ACTIVITY: Please, without any pictures, set down exactly the part of the listing below that opens with the line containing "Kinesio Taping - Elastic" and closes with the line containing "Partij Camping artikelen".

RECORDS PROVIDED:
──────

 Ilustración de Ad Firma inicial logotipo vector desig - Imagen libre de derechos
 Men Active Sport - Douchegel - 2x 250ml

──────

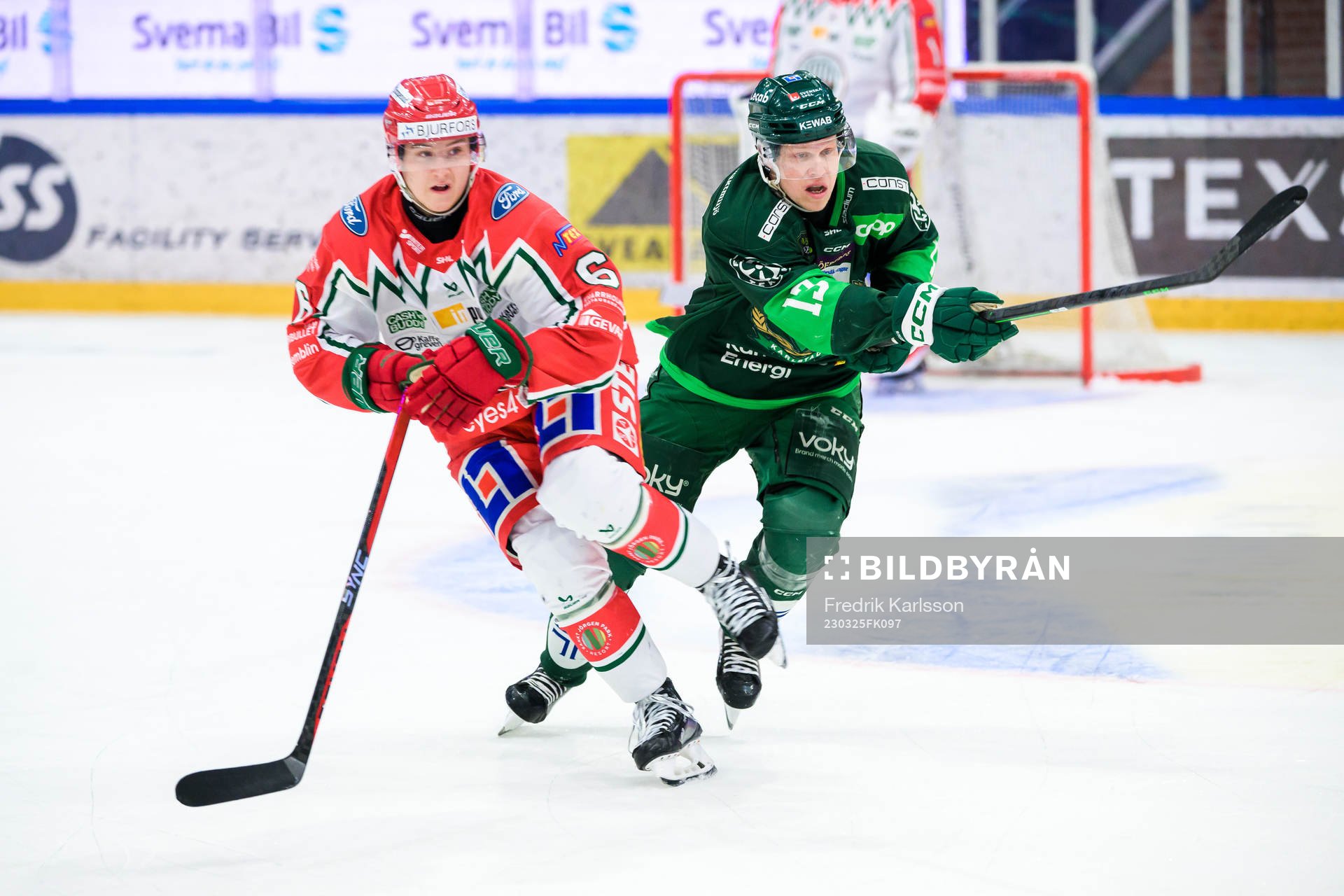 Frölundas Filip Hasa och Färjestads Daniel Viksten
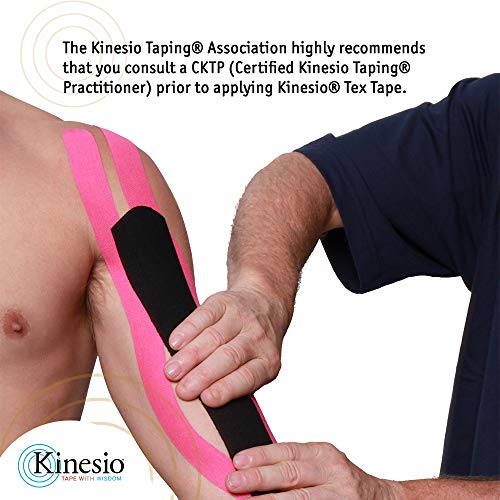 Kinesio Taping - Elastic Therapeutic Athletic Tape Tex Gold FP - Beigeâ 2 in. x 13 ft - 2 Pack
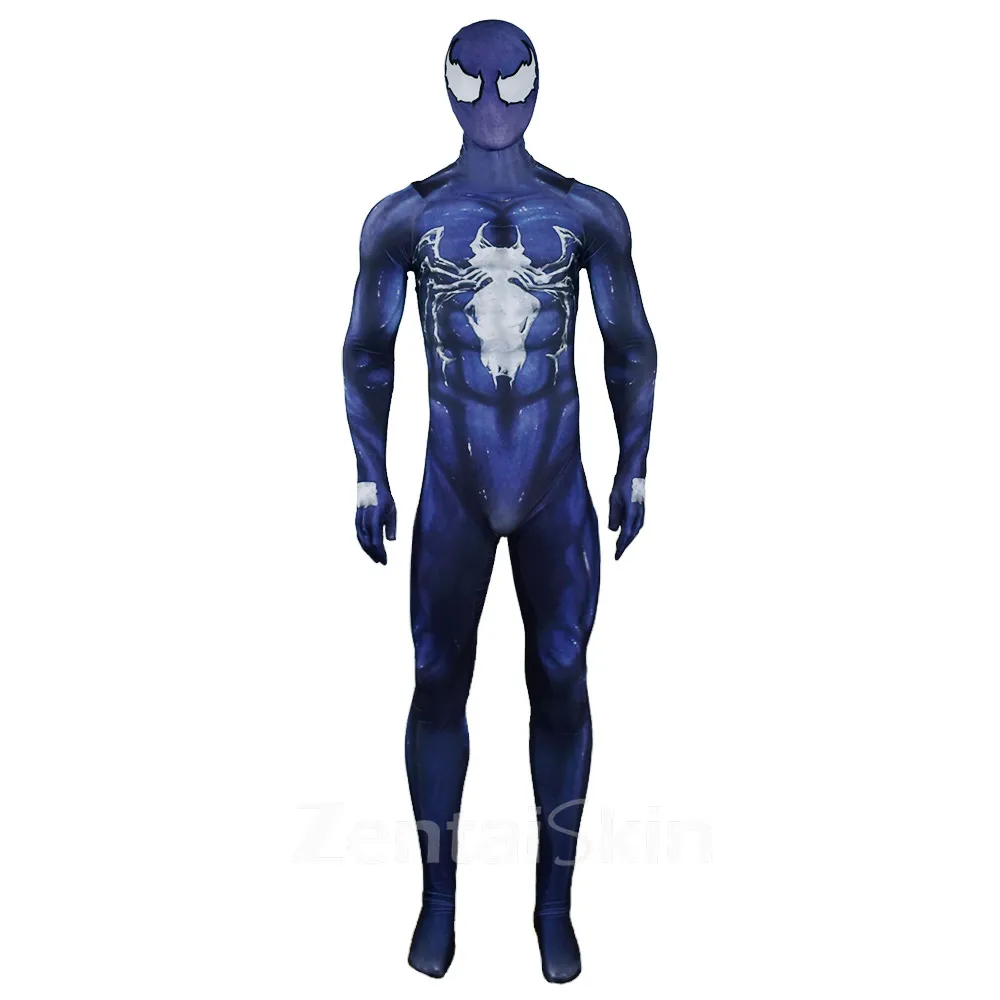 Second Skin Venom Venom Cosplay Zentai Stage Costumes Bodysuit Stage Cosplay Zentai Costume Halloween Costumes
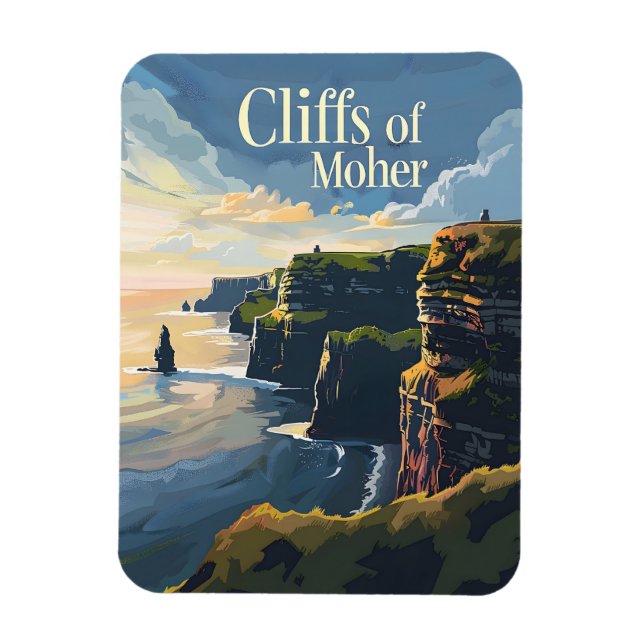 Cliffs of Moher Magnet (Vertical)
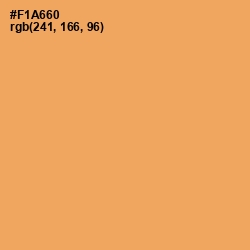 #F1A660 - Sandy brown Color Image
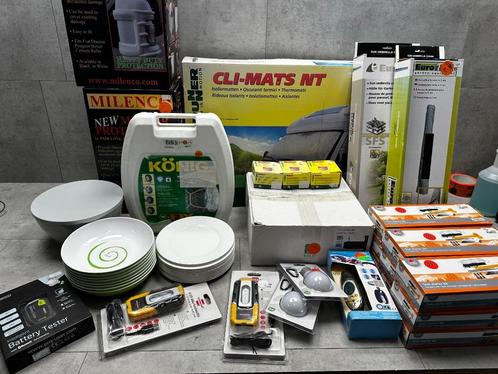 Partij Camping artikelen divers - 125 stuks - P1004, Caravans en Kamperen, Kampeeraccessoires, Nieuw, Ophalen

──────

ANSWER SECTION:
 Kinesio Taping - Elastic Therapeutic Athletic Tape Tex Gold FP - Beigeâ 2 in. x 13 ft - 2 Pack
 Second Skin Venom Venom Cosplay Zentai Stage Costumes Bodysuit Stage Cosplay Zentai Costume Halloween Costumes
 Cliffs of Moher Magnet (Vertical)
 #F1A660 - Sandy brown Color Image
 Partij Camping artikelen divers - 125 stuks - P1004, Caravans en Kamperen, Kampeeraccessoires, Nieuw, Ophalen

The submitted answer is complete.